++++ TASK DATA

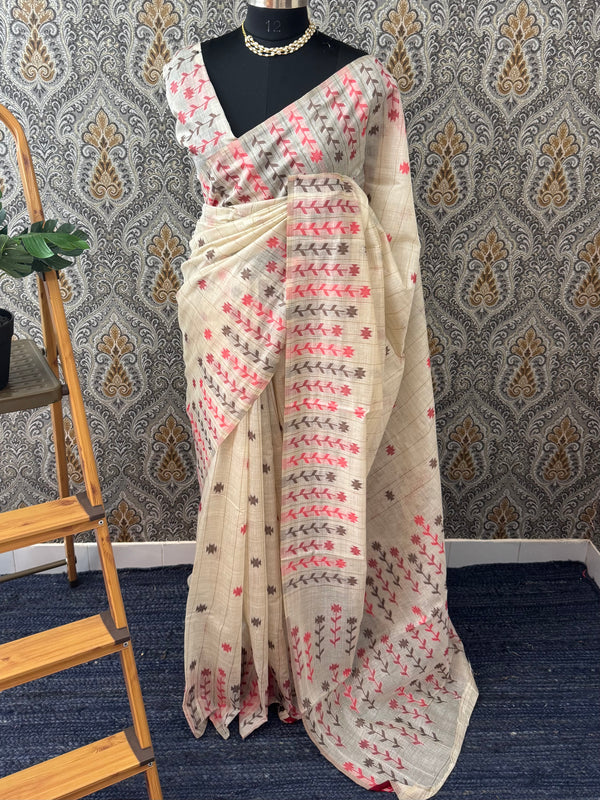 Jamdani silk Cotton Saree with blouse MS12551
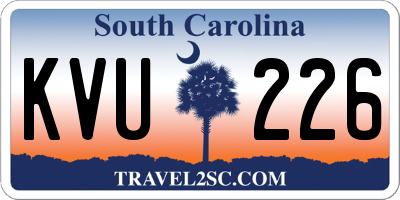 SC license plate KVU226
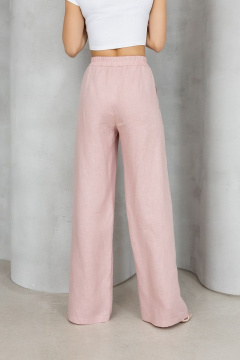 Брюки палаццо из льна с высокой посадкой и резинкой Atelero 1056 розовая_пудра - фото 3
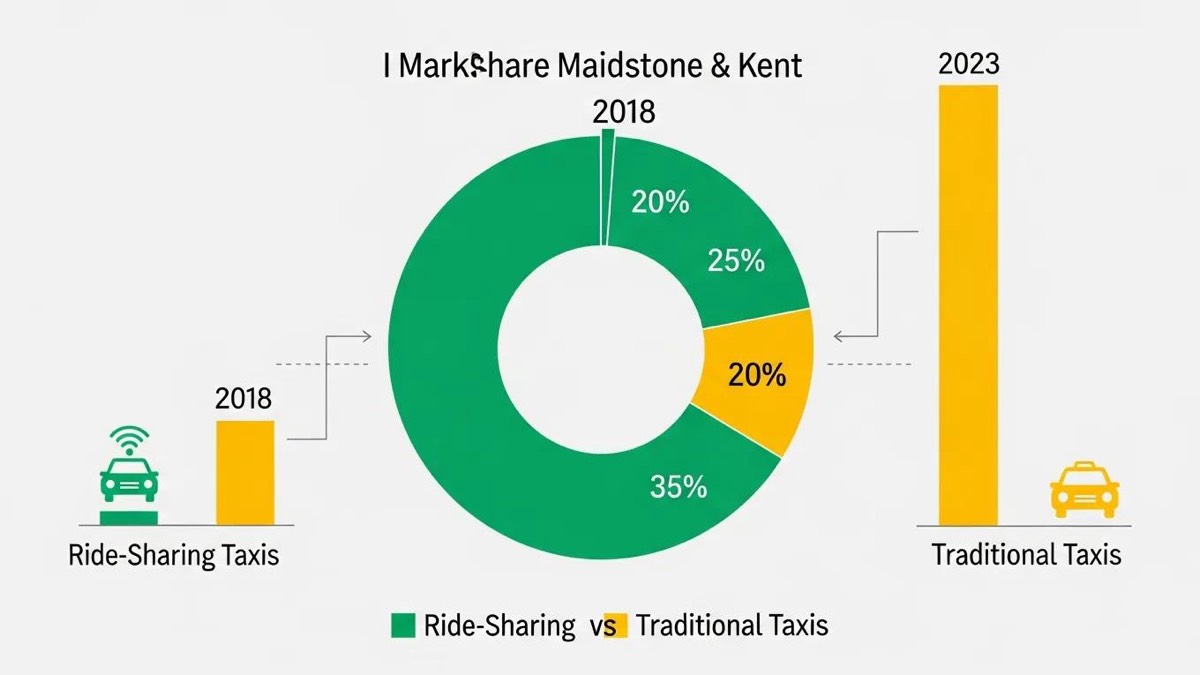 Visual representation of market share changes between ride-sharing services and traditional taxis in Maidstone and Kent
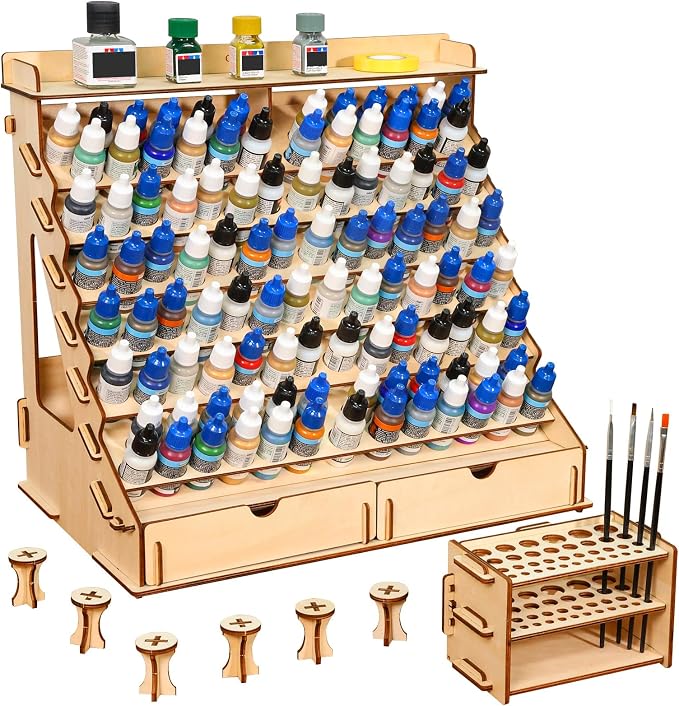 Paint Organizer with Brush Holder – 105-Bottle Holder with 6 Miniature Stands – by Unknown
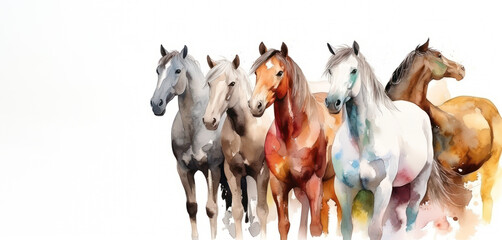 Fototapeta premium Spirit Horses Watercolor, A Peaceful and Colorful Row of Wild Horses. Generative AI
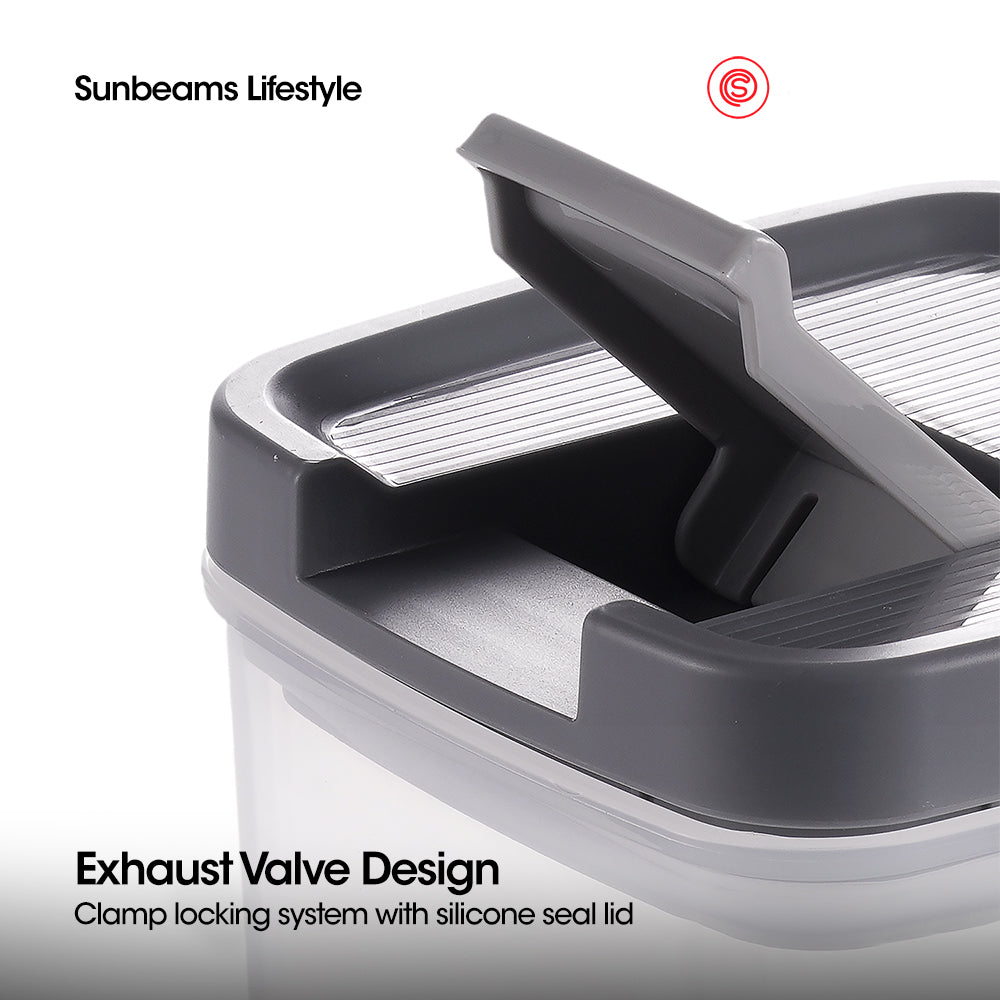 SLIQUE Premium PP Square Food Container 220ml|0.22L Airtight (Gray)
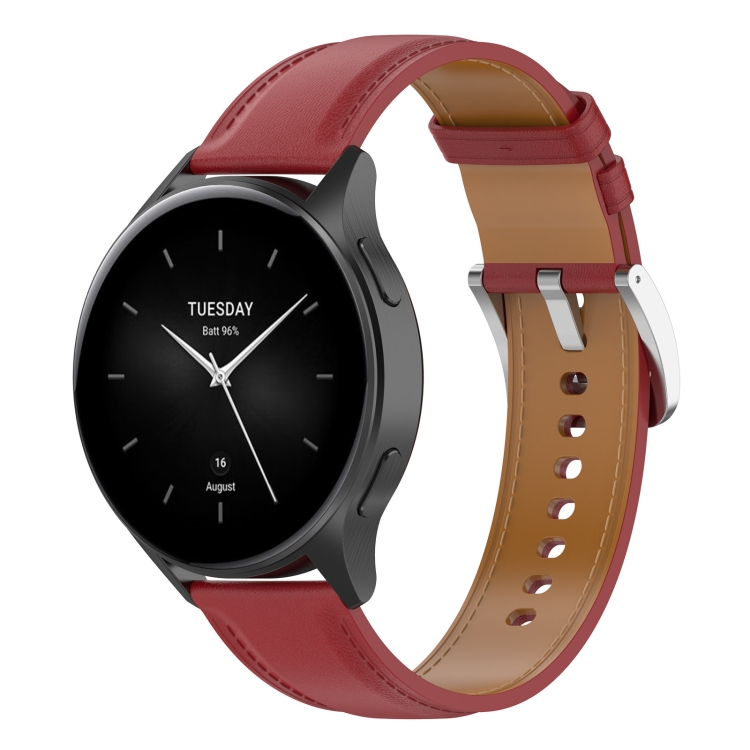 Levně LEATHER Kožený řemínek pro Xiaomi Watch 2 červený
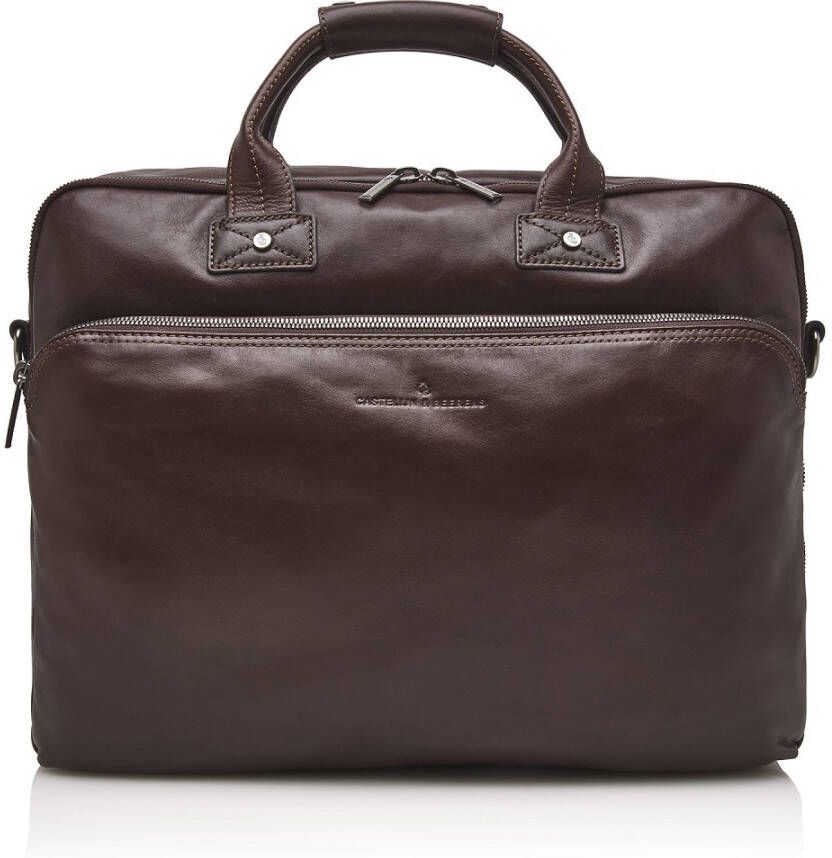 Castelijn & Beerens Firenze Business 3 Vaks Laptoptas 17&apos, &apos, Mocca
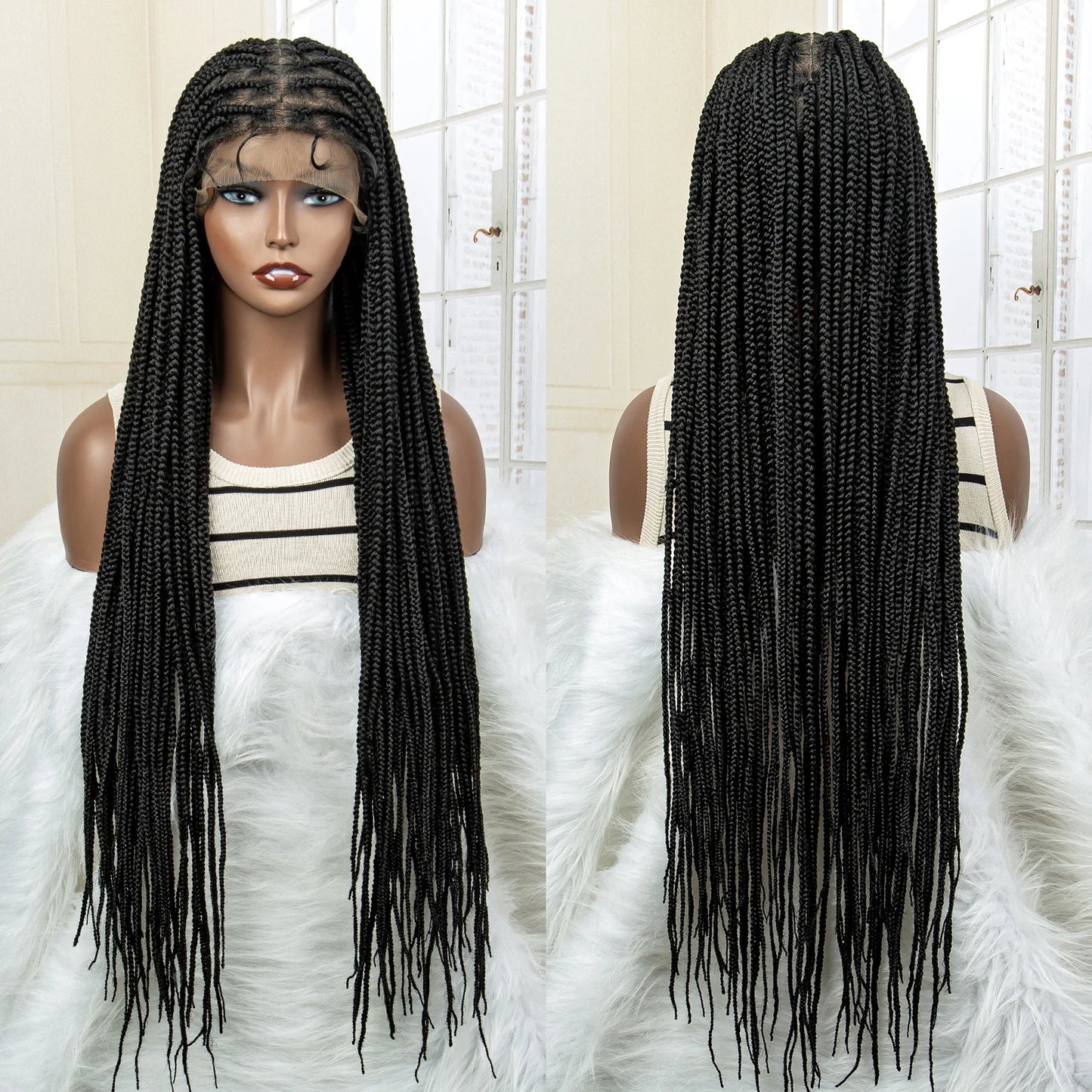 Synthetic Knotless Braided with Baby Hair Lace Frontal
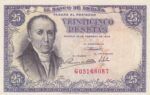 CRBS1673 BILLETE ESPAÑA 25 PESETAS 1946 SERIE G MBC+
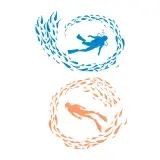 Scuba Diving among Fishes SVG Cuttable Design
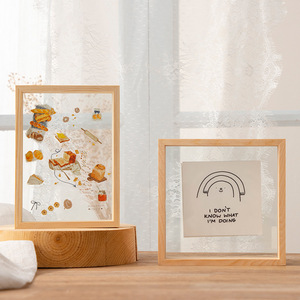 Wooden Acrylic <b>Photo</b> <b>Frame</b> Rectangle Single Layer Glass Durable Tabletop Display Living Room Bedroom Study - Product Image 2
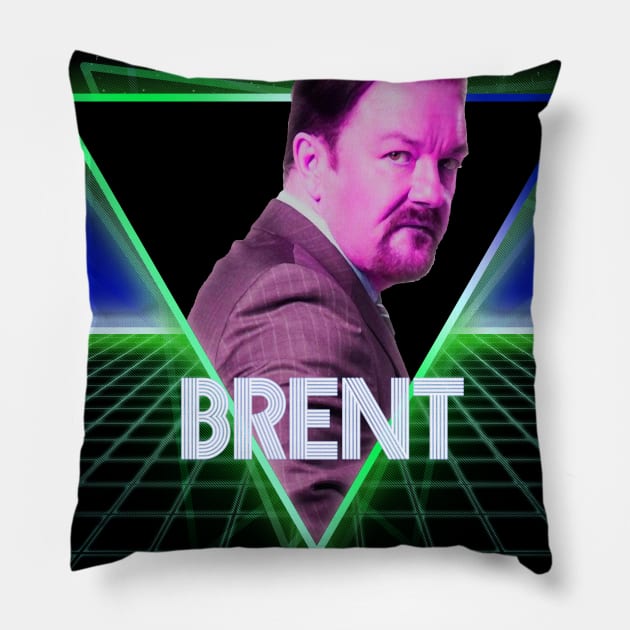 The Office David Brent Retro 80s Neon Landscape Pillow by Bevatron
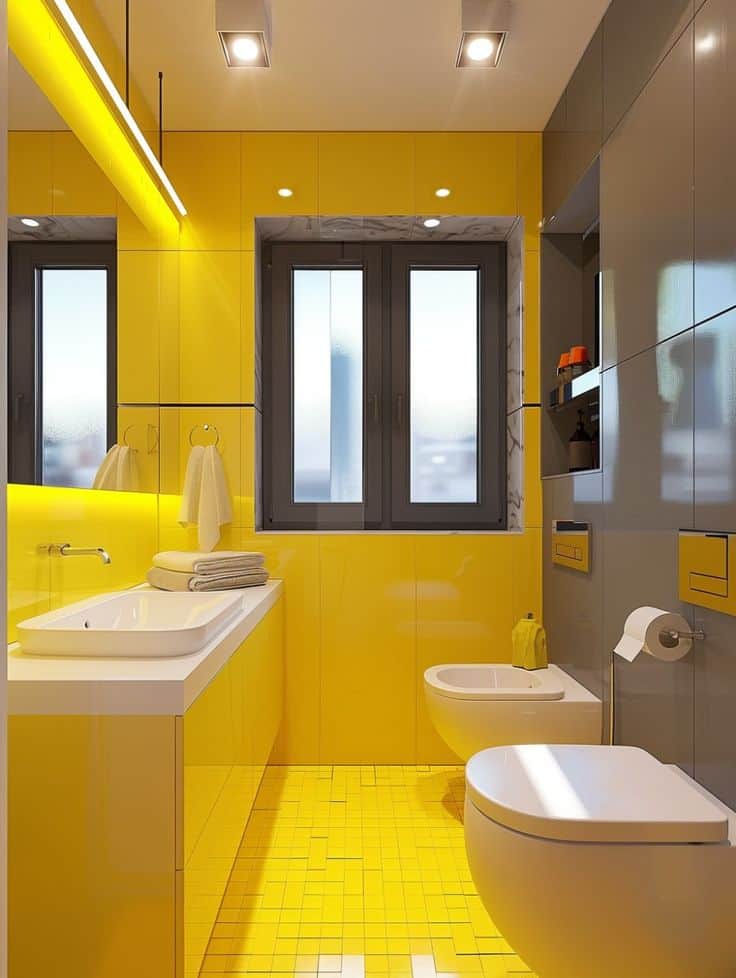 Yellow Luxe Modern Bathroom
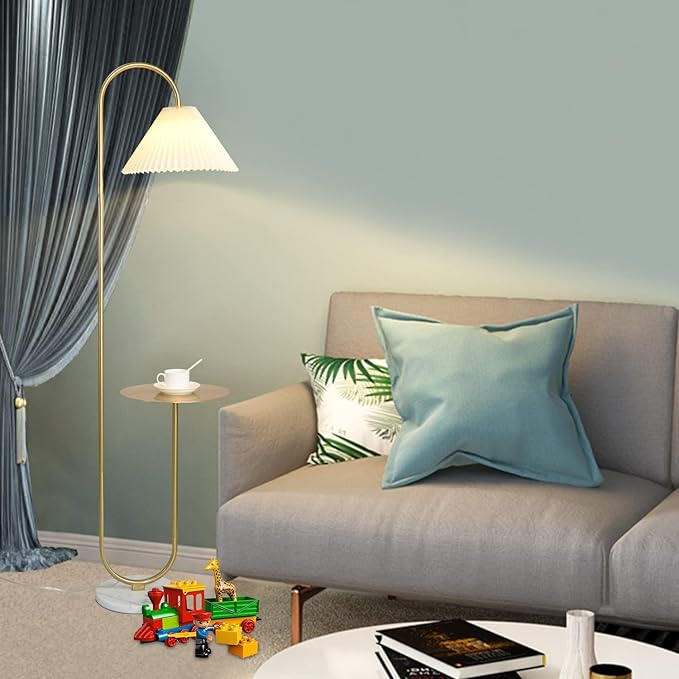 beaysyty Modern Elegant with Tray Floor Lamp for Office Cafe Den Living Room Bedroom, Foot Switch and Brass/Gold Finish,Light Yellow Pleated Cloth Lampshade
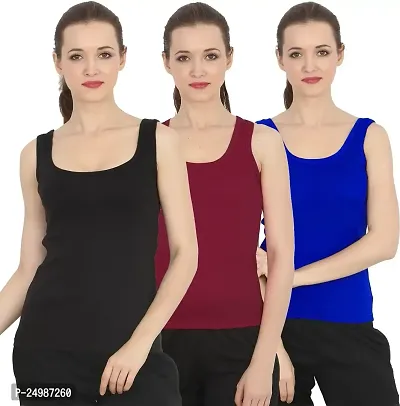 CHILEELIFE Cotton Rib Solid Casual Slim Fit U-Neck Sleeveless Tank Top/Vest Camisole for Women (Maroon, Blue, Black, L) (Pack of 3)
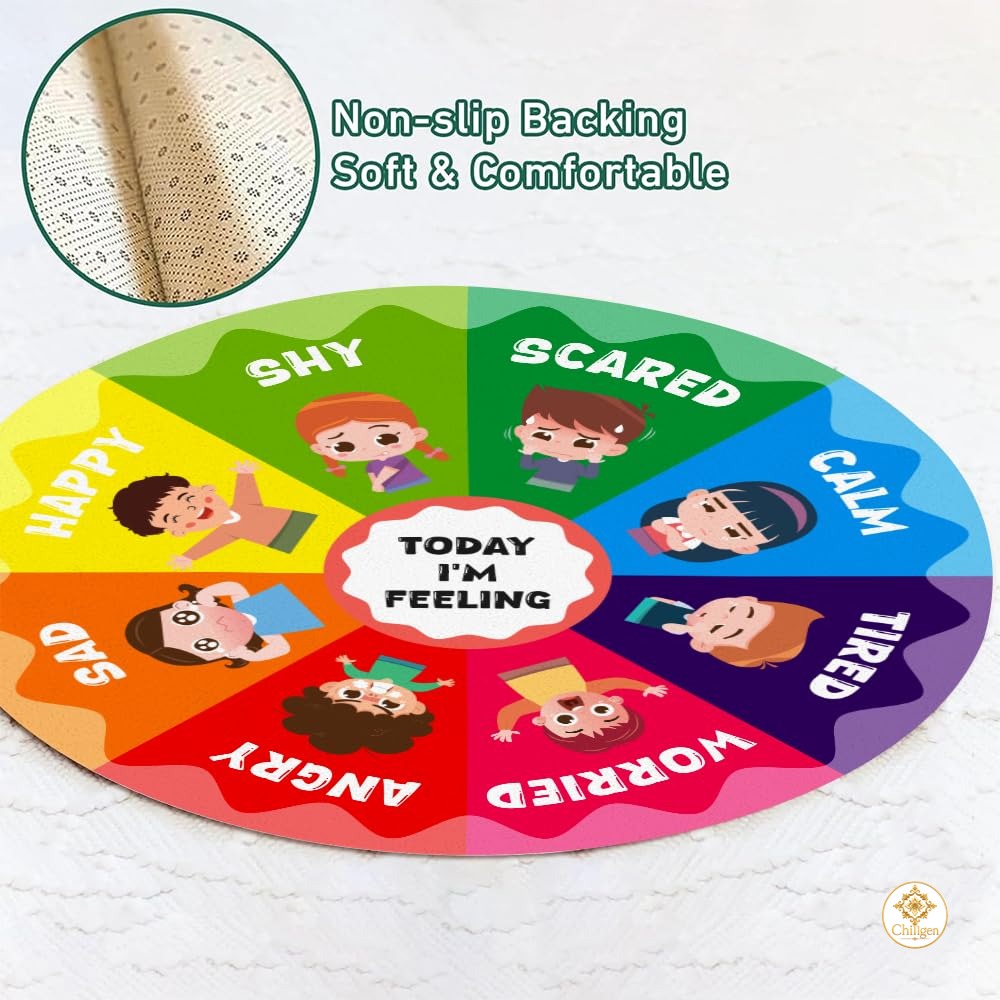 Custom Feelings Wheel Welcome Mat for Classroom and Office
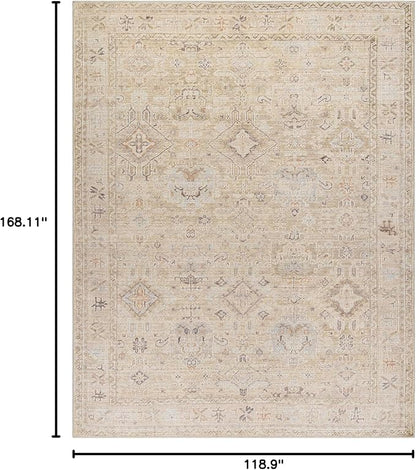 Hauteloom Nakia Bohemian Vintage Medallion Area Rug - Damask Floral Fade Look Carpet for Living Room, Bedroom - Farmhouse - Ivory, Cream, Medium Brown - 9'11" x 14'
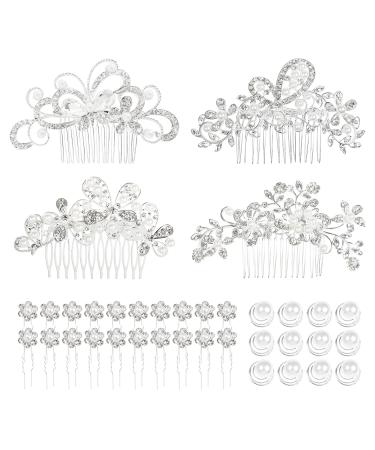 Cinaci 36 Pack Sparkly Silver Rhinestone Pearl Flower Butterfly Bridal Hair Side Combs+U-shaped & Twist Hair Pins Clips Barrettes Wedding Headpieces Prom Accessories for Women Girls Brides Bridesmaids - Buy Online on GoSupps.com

++++++++

Restate the listing word for word. Pictures do not belong in the copy.

## COMPLETED TASK
 Jamdani silk Cotton Saree with blouse MS12551
 SC license plate KVU226
 Брюки палаццо из льна с высокой посадкой и резинкой Atelero 1056 розовая_пудра - фото 3
 Visual representation of market share changes between ride-sharing services and traditional taxis in Maidstone and Kent
 Paint Organizer with Brush Holder – 105-Bottle Holder with 6 Miniature Stands – by Unknown
 Fototapeta premium Spirit Horses Watercolor, A Peaceful and Colorful Row of Wild Horses. Generative AI
 SLIQUE Premium PP Square Food Container 220ml|0.22L Airtight (Gray)
 Levně LEATHER Kožený řemínek pro Xiaomi Watch 2 červený
 Castelijn & Beerens Firenze Business 3 Vaks Laptoptas 17&apos, &apos, Mocca
 Synthetic Knotless Braided with Baby Hair Lace Frontal
 CRBS1673 BILLETE ESPAÑA 25 PESETAS 1946 SERIE G MBC+
 Scuba Diving among Fishes SVG Cuttable Design
 Wooden Acrylic <b>Photo</b> <b>Frame</b> Rectangle Single Layer Glass Durable Tabletop Display Living Room Bedroom Study - Product Image 2
 The Office David Brent Retro 80s Neon Landscape Pillow by Bevatron
 Yellow Luxe Modern Bathroom
 beaysyty Modern Elegant with Tray Floor Lamp for Office Cafe Den Living Room Bedroom, Foot Switch and Brass/Gold Finish,Light Yellow Pleated Cloth Lampshade
 CHILEELIFE Cotton Rib Solid Casual Slim Fit U-Neck Sleeveless Tank Top/Vest Camisole for Women (Maroon, Blue, Black, L) (Pack of 3)
 Custom Feelings Wheel Welcome Mat for Classroom and Office
 Hauteloom Nakia Bohemian Vintage Medallion Area Rug - Damask Floral Fade Look Carpet for Living Room, Bedroom - Farmhouse - Ivory, Cream, Medium Brown - 9'11" x 14'
 Cinaci 36 Pack Sparkly Silver Rhinestone Pearl Flower Butterfly Bridal Hair Side Combs+U-shaped & Twist Hair Pins Clips Barrettes Wedding Headpieces Prom Accessories for Women Girls Brides Bridesmaids - Buy Online on GoSupps.com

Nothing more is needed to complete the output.